(Short text fragments from websites)

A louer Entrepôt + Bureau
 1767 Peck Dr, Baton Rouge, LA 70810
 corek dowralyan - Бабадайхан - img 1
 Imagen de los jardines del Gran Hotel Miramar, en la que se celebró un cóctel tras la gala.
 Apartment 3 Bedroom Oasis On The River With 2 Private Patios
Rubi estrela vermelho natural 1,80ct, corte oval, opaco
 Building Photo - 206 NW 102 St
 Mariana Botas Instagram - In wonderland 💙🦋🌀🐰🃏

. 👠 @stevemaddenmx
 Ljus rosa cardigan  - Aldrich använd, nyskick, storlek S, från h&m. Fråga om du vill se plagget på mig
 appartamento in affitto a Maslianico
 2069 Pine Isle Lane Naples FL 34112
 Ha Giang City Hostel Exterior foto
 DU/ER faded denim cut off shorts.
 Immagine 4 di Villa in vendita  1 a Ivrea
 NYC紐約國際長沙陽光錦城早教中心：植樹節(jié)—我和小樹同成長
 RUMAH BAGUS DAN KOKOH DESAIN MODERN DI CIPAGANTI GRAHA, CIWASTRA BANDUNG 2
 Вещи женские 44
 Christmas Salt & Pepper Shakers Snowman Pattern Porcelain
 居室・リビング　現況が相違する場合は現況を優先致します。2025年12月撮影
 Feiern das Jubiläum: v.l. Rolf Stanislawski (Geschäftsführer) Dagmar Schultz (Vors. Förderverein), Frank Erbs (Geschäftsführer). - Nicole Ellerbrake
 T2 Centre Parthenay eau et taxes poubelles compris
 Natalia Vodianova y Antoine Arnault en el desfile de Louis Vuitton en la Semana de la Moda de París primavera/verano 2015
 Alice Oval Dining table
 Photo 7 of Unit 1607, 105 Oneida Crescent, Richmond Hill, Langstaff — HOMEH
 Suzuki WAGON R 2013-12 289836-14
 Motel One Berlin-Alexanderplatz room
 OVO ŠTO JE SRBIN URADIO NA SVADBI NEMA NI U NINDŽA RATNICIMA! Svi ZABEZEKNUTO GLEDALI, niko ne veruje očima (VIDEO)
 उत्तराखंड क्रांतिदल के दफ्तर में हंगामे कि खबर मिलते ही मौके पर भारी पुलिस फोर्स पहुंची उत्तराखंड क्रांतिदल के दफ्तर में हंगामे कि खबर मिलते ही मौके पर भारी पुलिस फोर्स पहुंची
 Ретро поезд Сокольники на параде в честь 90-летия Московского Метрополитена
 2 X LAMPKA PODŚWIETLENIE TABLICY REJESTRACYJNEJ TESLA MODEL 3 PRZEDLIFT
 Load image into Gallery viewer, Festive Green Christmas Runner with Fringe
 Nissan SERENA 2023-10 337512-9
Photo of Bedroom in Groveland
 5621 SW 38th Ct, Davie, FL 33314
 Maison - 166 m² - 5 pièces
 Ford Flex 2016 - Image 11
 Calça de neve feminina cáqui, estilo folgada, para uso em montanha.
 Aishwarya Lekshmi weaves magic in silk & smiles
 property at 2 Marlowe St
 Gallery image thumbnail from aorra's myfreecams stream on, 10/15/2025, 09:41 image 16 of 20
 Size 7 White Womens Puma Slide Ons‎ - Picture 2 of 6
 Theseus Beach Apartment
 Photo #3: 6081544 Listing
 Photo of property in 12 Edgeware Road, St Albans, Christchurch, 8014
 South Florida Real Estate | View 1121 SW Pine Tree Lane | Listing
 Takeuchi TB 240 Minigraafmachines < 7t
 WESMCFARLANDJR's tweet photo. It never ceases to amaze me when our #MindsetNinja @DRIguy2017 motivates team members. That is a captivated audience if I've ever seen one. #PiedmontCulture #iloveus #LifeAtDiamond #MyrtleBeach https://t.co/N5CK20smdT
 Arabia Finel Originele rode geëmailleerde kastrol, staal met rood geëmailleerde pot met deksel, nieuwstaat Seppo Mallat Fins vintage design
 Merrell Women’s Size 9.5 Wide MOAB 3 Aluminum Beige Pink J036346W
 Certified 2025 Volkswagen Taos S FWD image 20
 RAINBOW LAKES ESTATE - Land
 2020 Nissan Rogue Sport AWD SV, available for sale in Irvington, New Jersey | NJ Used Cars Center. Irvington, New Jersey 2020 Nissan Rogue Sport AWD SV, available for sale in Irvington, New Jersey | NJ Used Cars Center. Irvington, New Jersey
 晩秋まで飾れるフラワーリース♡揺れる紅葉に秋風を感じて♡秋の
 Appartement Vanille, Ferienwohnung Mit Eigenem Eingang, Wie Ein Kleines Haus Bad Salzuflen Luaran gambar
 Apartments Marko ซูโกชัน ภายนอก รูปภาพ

:: Your goal ::
Please give back, exactly as it stands above, the stretch from the line with "5621 SW 38th Ct, Davie, FL 33314" through the line with "Size 7 White", and no line outside it.

:: Worked solution ::
 5621 SW 38th Ct, Davie, FL 33314
 Maison - 166 m² - 5 pièces
 Ford Flex 2016 - Image 11
 Calça de neve feminina cáqui, estilo folgada, para uso em montanha.
 Aishwarya Lekshmi weaves magic in silk & smiles
 property at 2 Marlowe St
 Gallery image thumbnail from aorra's myfreecams stream on, 10/15/2025, 09:41 image 16 of 20
 Size 7 White Womens Puma Slide Ons‎ - Picture 2 of 6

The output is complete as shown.